Short text fragments from websites:
=== Section Start ===

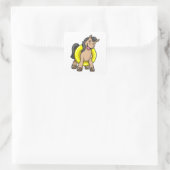 Pferd am Strand mit Schwimmring Quadratischer Aufkleber (Tasche)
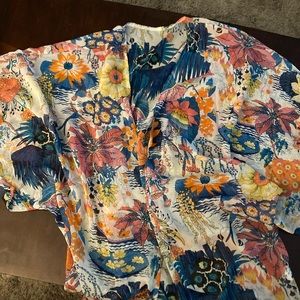 Flower chiffon cardigan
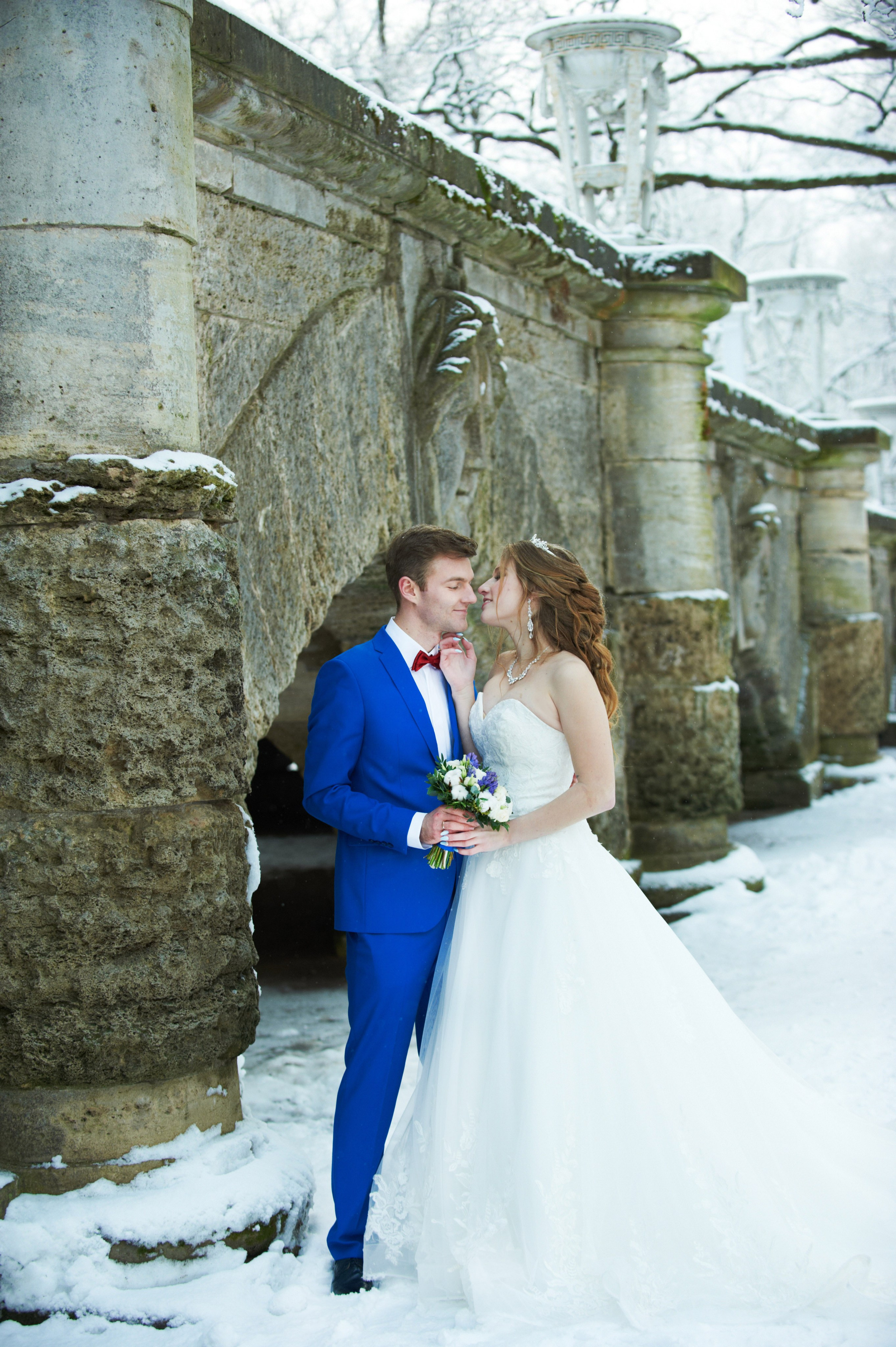 Надежда и Владислав (зимняя свадебная фотосессия в Пушкине в Екатерининском парке). Портретный, семейный и свадебный фотограф в Санкт-Петербурге и в Пушкине Ширяев Денис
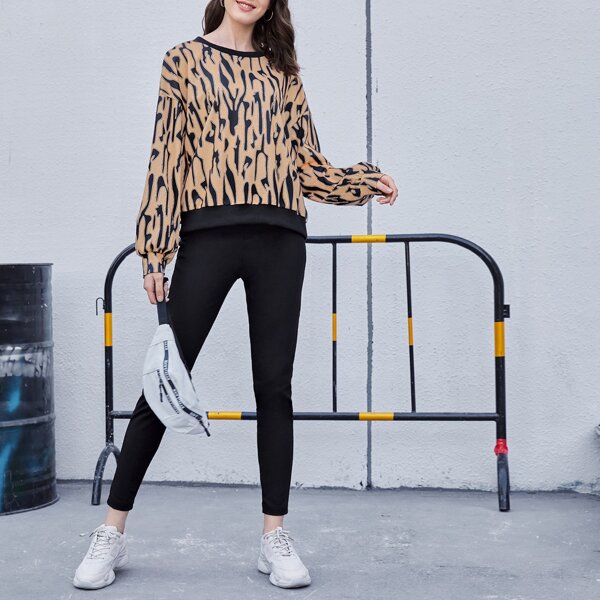 

Drop Shoulder Pullover & Pants Set, Multicolor
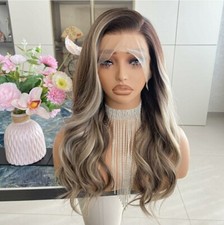 Parrucca anteriore in pizzo HD miscela capelli umani evidenzia miele liscio MARRONE biondo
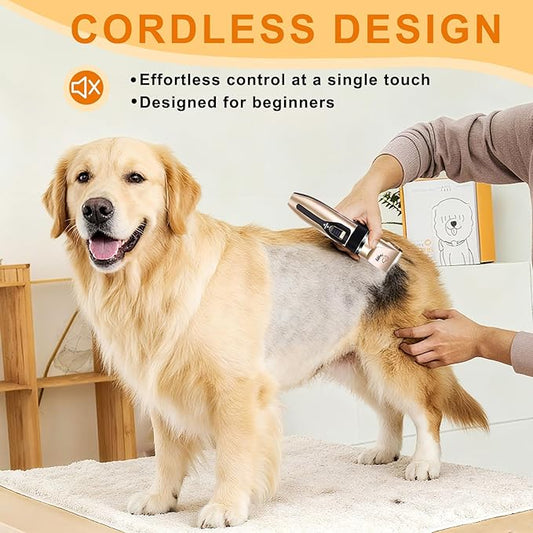 Dog Clippers for Grooming, Low Noise, Electric Quiet, Adjustable Clipper Comb for Dog Grooming Kit, Pet Hair Clippers Grooming kit for Dogs at Home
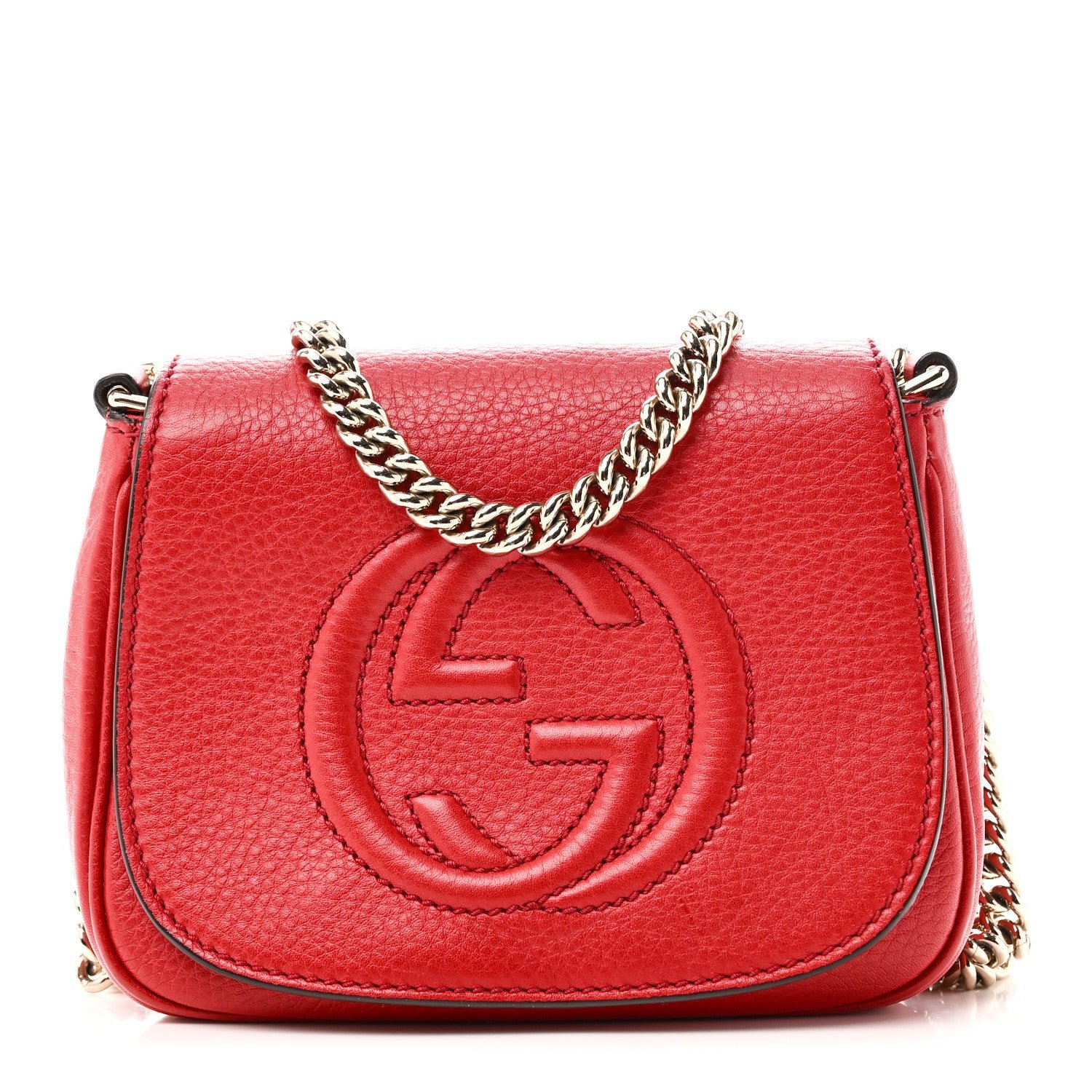 Gucci Pebbled Calfskin Small Soho Flap Crossbody Red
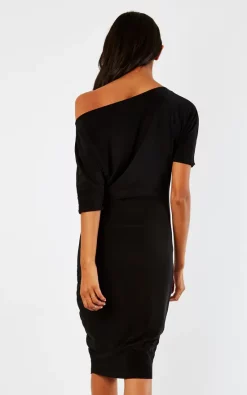 Black Lily One Shoulder 1/2 Sleeve Midi Dress -UK Skirt Sales 2023 2017 09 18 Tom Shree PleatBoutique2182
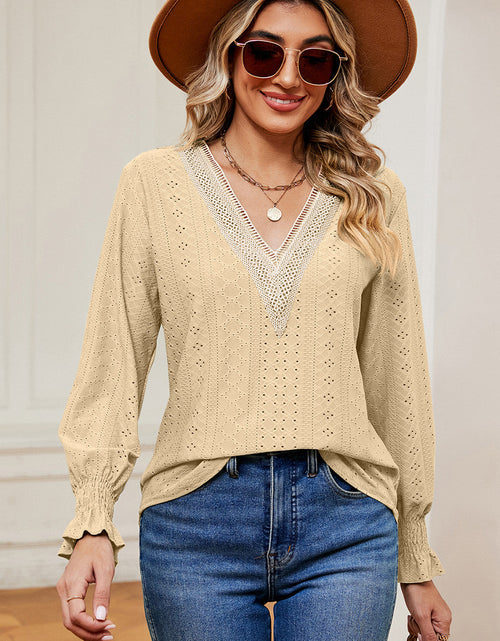 Load image into Gallery viewer, Eyelet V-Neck Flounce Sleeve T-Shirt
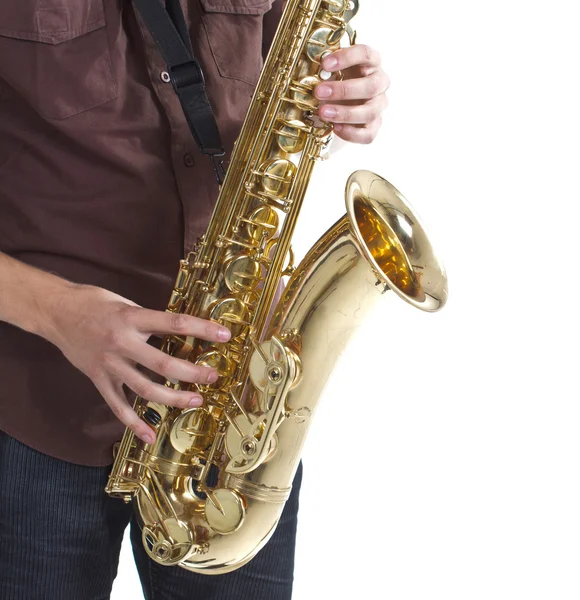 Człowiek grający na saksofonie — Zdjęcie stockowe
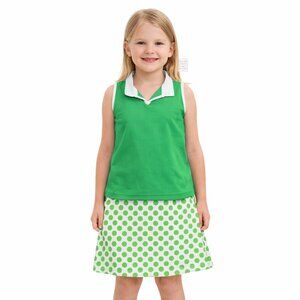 Little Miss Tennis Girls 2PC Tennis Outfit Set Green Polka Dot Skort Top NWT S M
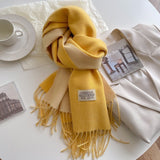 Double-sided Artificial Cashmere Scarf Women's Winter Warm Couple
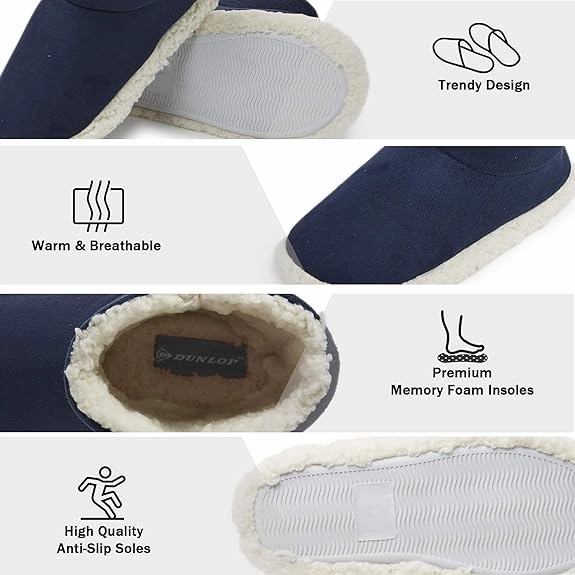 Dunlop Men's Slippers - Boot Slippers for Men Safest Slippers For Seniors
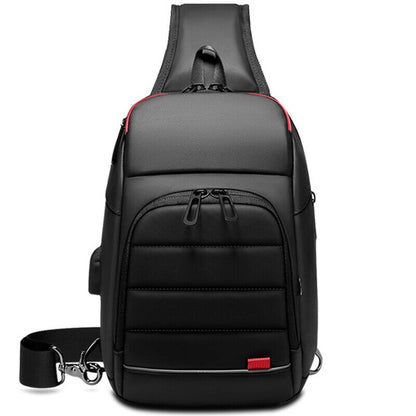 Men's Sling Backpack Oxford cloth Waterproof Crossbody Bag USB Port Sport Bags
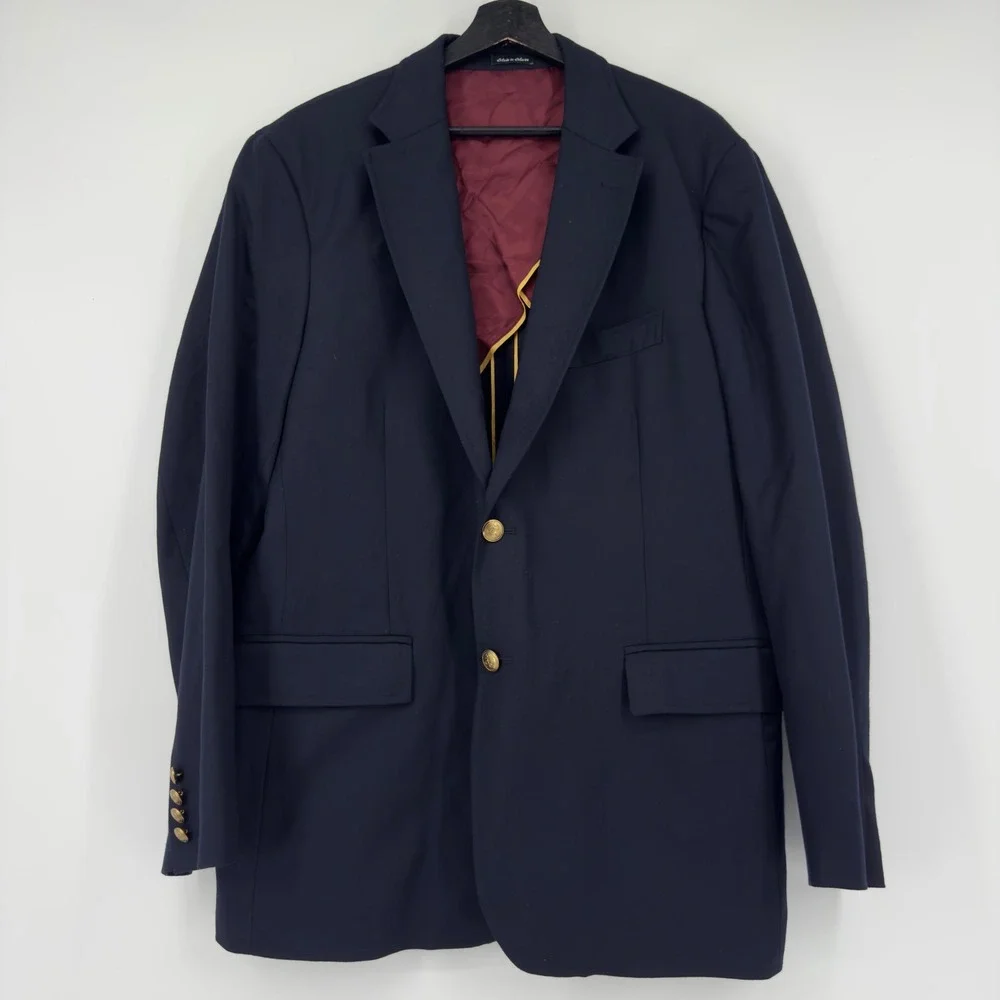 J.Crew Mens Navy Blue Wool Blazer Gold Anchor Buttons Sport Coat 44R Preppy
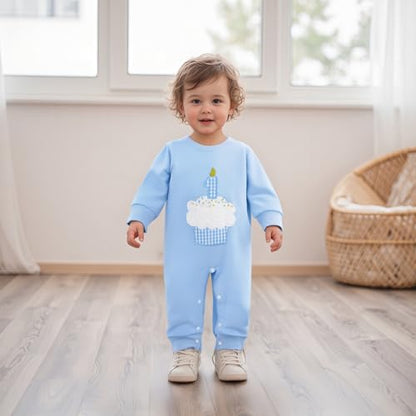 GOOCHEER First Birthday Baby Boy Outfit Fall 1 Cake Embroidery Ruffle Long Sleeve Romper Jumpsuit Cake Smash Clothes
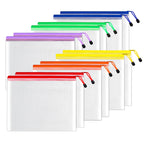 Sunee Plastic Mesh Zipper Pouch 10X14 In (6 Colors, 12 Packs),Extra Large Water-Resistant Zip Bag For School Office Supplies, Pu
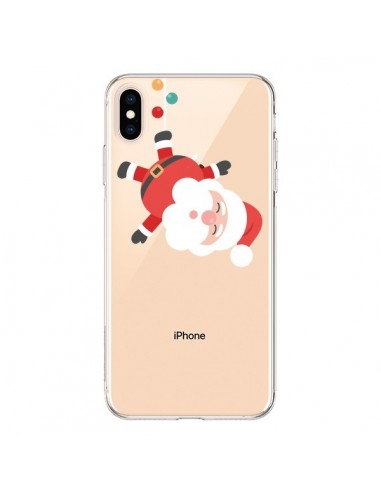 Coque iPhone XS Max Père Noël et sa Guirlande transparente - Nico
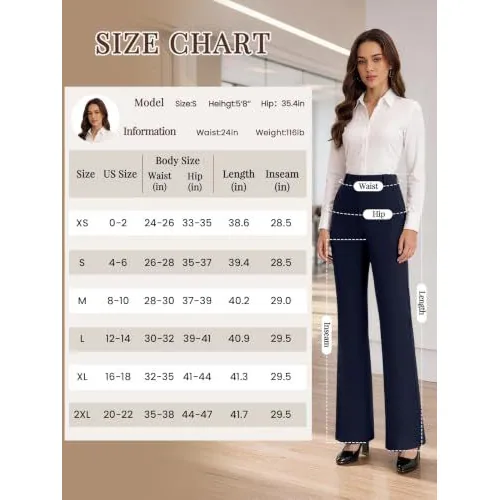 DLOODA High Waist Work Dress Pants with Pockets, Navy, view 4
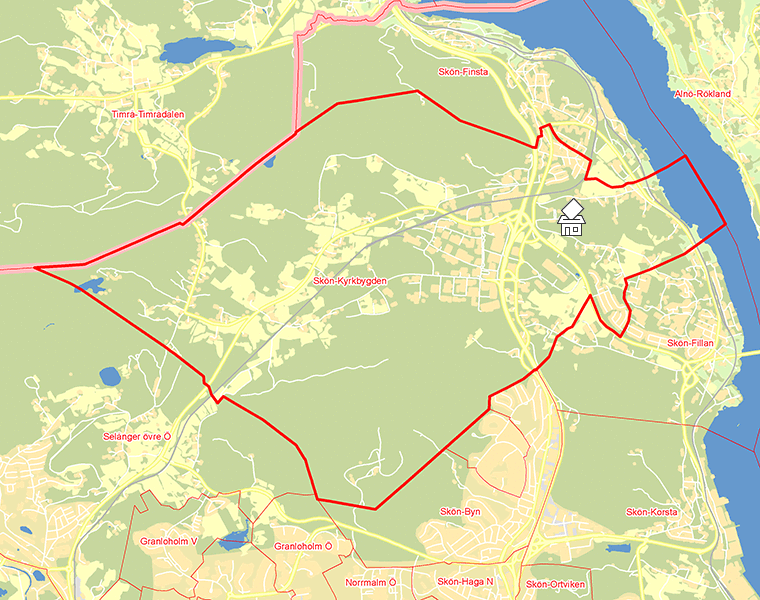 Karta över Skön-Kyrkbygden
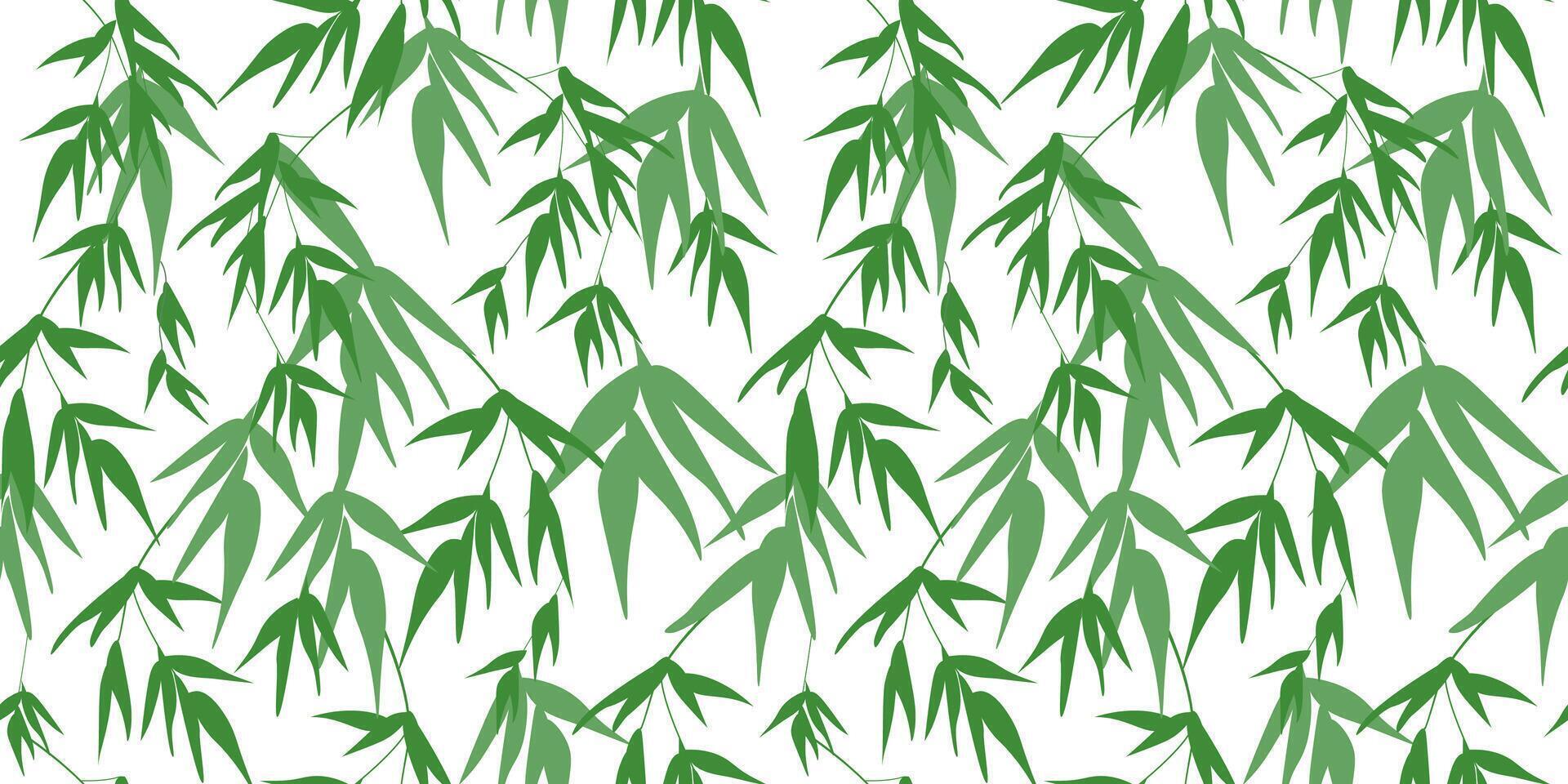 Seamless pattern with fresh bamboo leaves. Abstract floral print. Vector graphics.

=== Section End ===

* **Work order**:
Leave the pictures out, and restate exactly the lines from the start of the records through the one that contains "Dunlop Men's Slippers".

* **Your solution**:
 Pferd am Strand mit Schwimmring Quadratischer Aufkleber (Tasche)
 Flower chiffon cardigan
 Надежда и Владислав (зимняя свадебная фотосессия в Пушкине в Екатерининском парке). Портретный, семейный и свадебный фотограф в Санкт-Петербурге и в Пушкине Ширяев Денис

Drop Shoulder Pullover & Pants Set, Multicolor
 Parrucca anteriore in pizzo HD miscela capelli umani evidenzia miele liscio MARRONE biondo
 Dog Clippers for Grooming, Low Noise, Electric Quiet, Adjustable Clipper Comb for Dog Grooming Kit, Pet Hair Clippers Grooming kit for Dogs at Home
 Gucci Pebbled Calfskin Small Soho Flap Crossbody Red
 Black Lily One Shoulder 1/2 Sleeve Midi Dress -UK Skirt Sales 2023 2017 09 18 Tom Shree PleatBoutique2182
 Load image into Gallery viewer, Eyelet V-Neck Flounce Sleeve T-Shirt
 Człowiek grający na saksofonie — Zdjęcie stockowe
 Little Miss Tennis Girls 2PC Tennis Outfit Set Green Polka Dot Skort Top NWT S M
 Double-sided Artificial Cashmere Scarf Women's Winter Warm Couple
 Dunlop Men's Slippers - Boot Slippers for Men Safest Slippers For Seniors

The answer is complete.